Latham & Watkins advised Stoller with a mostly Texas team, led by partners John Greer and Ryan Maierson. Stoller’s trustees brought in outside counsel as well, tapping Baker Botts, led by partner Dan Mark.
Dec. 6: NRG Energy expands Its residential technologies with $5.2 billion deal
NRG Energy, a retail utility provider that markets energy under consumer brands like Reliant, plunged further into its retail presence with the $5.2 billion acquisition of Vivint Smart Home Inc. Vivint manufactures a variety of residential home appliances and security devices tied together on a single management platform. The single-core structure allows greater control over both the performance and energy efficiencies of the products.

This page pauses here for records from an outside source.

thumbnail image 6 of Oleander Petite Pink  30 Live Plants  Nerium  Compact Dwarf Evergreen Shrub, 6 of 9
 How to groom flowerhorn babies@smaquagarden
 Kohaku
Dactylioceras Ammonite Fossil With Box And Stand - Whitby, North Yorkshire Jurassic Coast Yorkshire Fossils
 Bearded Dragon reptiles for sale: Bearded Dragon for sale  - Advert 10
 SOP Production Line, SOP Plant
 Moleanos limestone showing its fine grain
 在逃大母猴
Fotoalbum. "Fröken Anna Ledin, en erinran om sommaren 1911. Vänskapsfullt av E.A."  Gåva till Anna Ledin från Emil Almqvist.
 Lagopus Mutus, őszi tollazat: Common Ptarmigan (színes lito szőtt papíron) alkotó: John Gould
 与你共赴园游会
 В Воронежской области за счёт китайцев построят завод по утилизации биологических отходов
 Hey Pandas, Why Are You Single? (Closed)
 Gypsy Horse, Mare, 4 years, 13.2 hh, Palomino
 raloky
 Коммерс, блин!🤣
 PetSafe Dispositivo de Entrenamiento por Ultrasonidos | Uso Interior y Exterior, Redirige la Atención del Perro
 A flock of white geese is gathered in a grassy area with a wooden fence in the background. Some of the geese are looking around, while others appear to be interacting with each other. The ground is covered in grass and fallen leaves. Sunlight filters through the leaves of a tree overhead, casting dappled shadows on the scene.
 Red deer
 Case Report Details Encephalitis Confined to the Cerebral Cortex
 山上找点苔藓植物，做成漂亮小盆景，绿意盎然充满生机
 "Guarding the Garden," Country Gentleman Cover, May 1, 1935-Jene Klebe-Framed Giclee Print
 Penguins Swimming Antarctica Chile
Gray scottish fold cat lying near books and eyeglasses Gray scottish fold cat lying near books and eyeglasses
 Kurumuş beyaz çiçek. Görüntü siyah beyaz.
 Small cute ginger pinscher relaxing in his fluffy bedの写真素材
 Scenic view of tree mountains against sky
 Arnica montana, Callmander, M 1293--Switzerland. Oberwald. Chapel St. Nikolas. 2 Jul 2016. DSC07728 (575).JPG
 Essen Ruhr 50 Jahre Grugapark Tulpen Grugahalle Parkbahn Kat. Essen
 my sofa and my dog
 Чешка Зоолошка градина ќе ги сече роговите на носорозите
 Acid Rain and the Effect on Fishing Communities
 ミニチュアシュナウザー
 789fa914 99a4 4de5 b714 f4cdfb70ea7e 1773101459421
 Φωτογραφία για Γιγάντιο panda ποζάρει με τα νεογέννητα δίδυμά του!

NRG has its financial headquarters in Princeton, New Jersey, but its operational headquarters is in Houston. The base price tag is $12 per share, or $2.8 billion in cash. But NRG also assumes $2.4 billion in Vivint debt, a feature of the deal that has proved unpopular with NRG stockholders in the short term, with the stock dropping 20 percent in value since the deal was announced Dec. 5. But Mauricio Gutierrez, president and CEO of NRG, insists that Vivint is a long-term fit for their market.
“Customers want simple, connected and customized experiences that provide peace of mind. Vivint’s smart home technology strengthens our retail platform, improves our customer experience and increases customer lifetime value,” Gutierrez said in a statement announcing the deal.
Both sides were advised from New York: NRG by White & Case; Vivint by Simpson Thacher & Bartlett.